Julia M. Kroos will defend her doctoral thesis on Monday, June 17th
- The defense will take place in the Faculty of Science and Technology, located in the Campus of Leioa, at 11:00 am
Julia M. Kroos joined the Basque Center for Applied Mathematics in 2014 as a PhD student. She holds a Bachelor Degree in Applied Mathematics, obtained in 2011 from University of Münster (Germany), and a Master of Science in Applied Mathematics from the same university, obtained in 2014.
Her PhD thesis has been directed by Dr. Luca Gerardo-Giorda, research line leader of the Mathematical Modeling in Biosciences group at BCAM.
On behalf of all BCAM members, we would like to wish Julia the best of luck in her upcoming thesis defense.

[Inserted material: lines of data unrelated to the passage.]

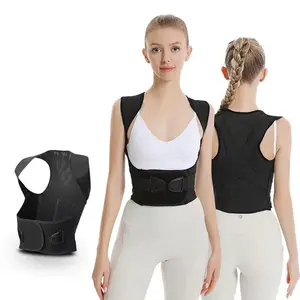 Back support belt, posture correction belt, helps to stand up straight, flatten abdomen, shape back and waist, correct posture, breathable and invisible, adjustable for both men and women, prevents compression, and promotes shaping.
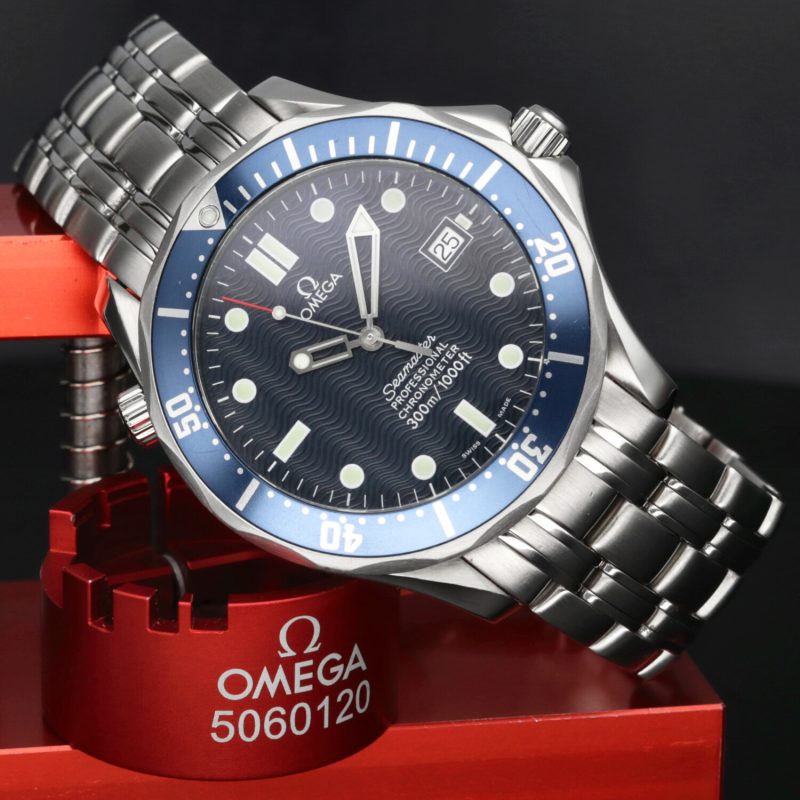 2006 ca. Omega Seamaster 300M ref. 25318000 James Bond con Scatola Originale - Revisionato Omega - immagine 4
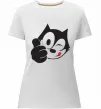 Женская премиум футболка FELIX THE CAT Like Белый фото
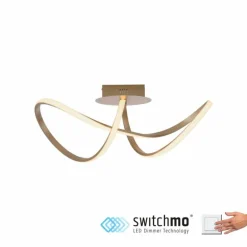 Plafonnier Leuchten-Direkt MARIA LED Laiton, 1 lumière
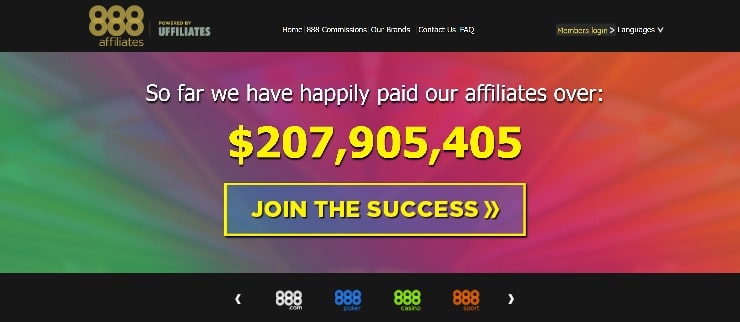 sports betting affiliate programs - 888 Affiliates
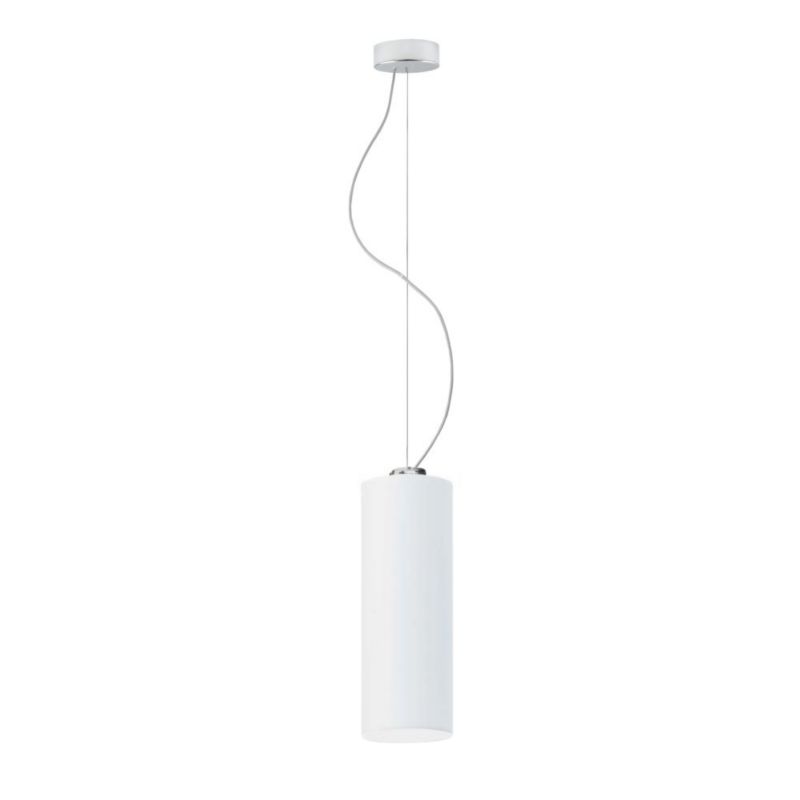 Lampa wisząca zwis Volta Light Factory żyrandol sufitowa z abażurem tuba Biały BELL Z1 1szt.
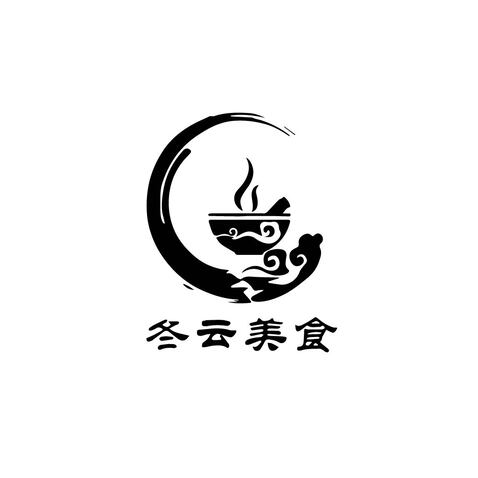 冬云美食logo设计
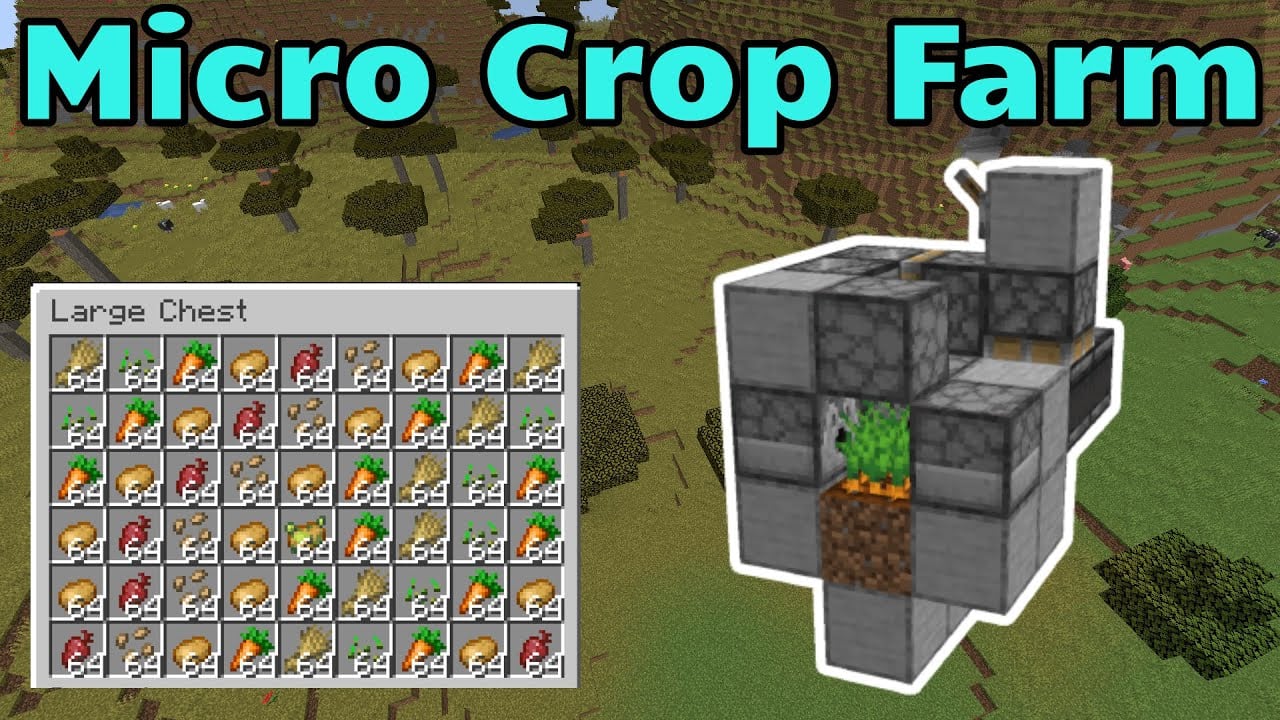 EASY Micro Crop Farm (Minecraft Java)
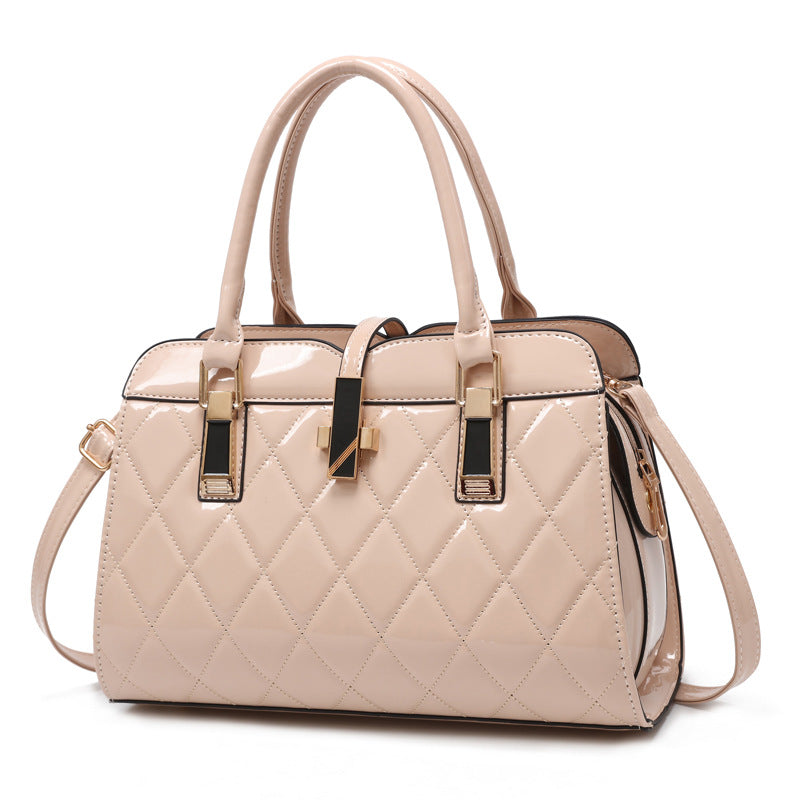 Structured PU Shoulder Bag – Large Women’s Messenger Handbag with Soft Handle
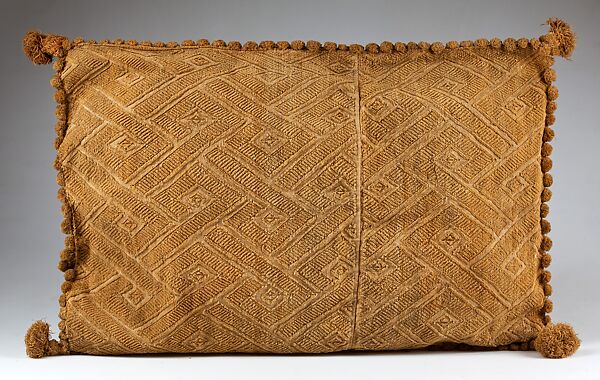 Luxury Cloth: Cushion Cover, Raffia, Kongo peoples; Kongo Kingdom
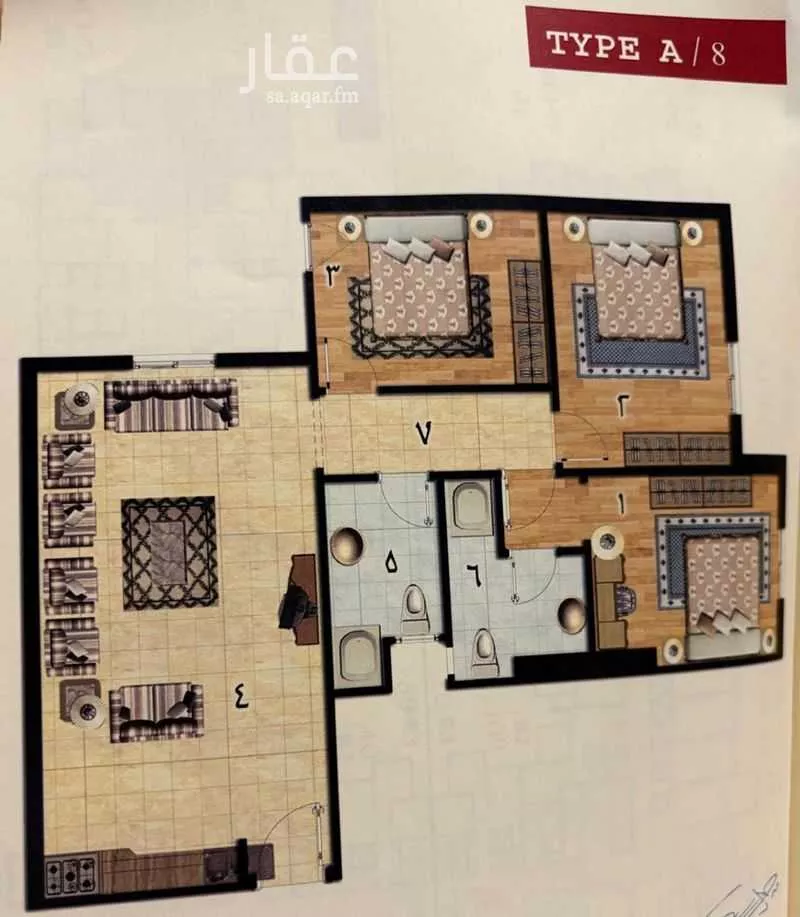 3 bedroom apartment in Wadi Jaleel, Makkah 6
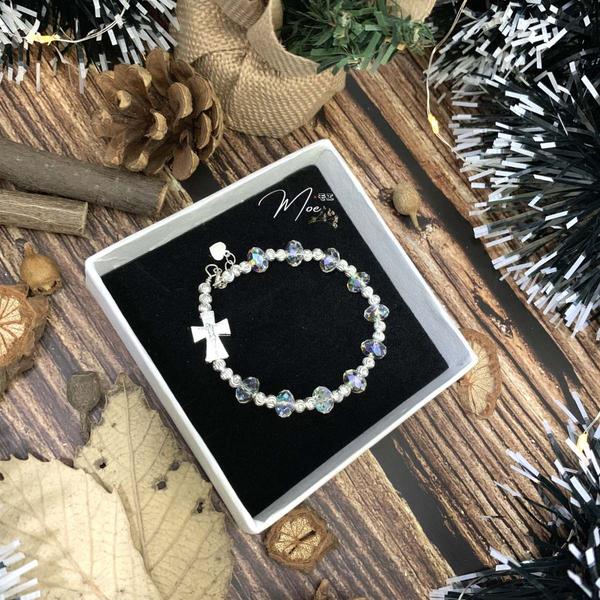 LT364 - Lắc tay pha lê thánh giá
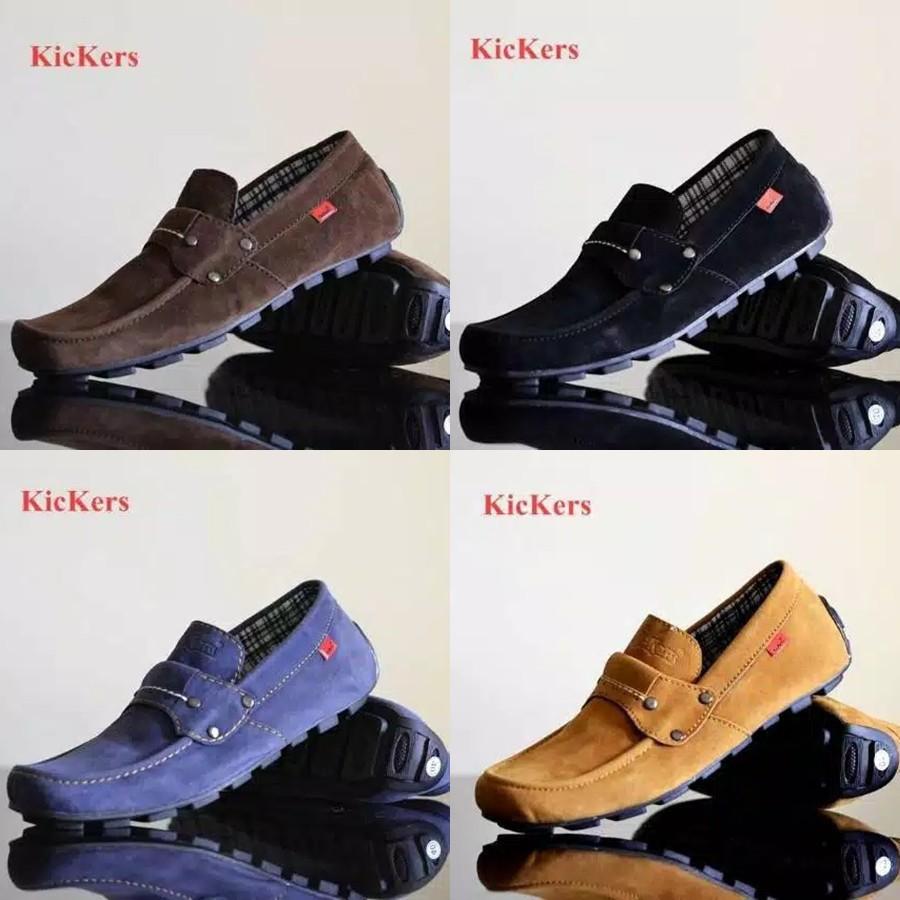 Sepatu slip on kickers best sale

PhD Thesis title: Patient-specific modelling of cortical spreading depression applied to migraine studies
Migraine is a common neurological disorder and one-third of migraine patients suffer from migraine aura, a perceptual disturbance preceding the typically unilateral headache. Cortical spreading depression (CSD), a depolarisation wave that originates in the visual cortex and propagates across the cortex to the peripheral areas, has been suggested as a correlate of visual aura by several studies. The complex and highly individual-specific characteristics of the brain cortex suggest that the geometry might have a significant impact on CSD propagation. In this thesis, we combine two existing models, a detailed neurological model for the electrophysiological component of CSD and a reaction-diffusion model accounting for the potassium diffusion, the driving force of CSD propagation. In the process, we integrate two aspects of CSD that occur at different time scales: the electrophysiological dynamics features a temporal scale in the order of milliseconds, while the extracellular potassium dynamics that triggers CSD propagation features is on the scale of minutes. As a result we obtain a multi-scale PDE-ODE model. In addition, we incorporate patient-specific data in the CSD model: (i) a patient-specific brain geometry obtained from magnetic resonance imaging, and (ii) personalised conductivity tensors derived from diffusion tensor imaging data. To study the role of the geometry in CSD propagation, we define geometric and CSD-dependent quantities of interest (QoI) that we evaluate in two case studies. Even though the geometry does not seem to have a major impact on the CSD propagation, some QoI are promising candidates to aid in the classification of healthy individuals and migraine patients. Finally, to account for the lack of experimental data for validation and selection of the model parameters, we apply different techniques of uncertainty quantification to the CSD model and analyse the impact of various parameter choices on the model outcome.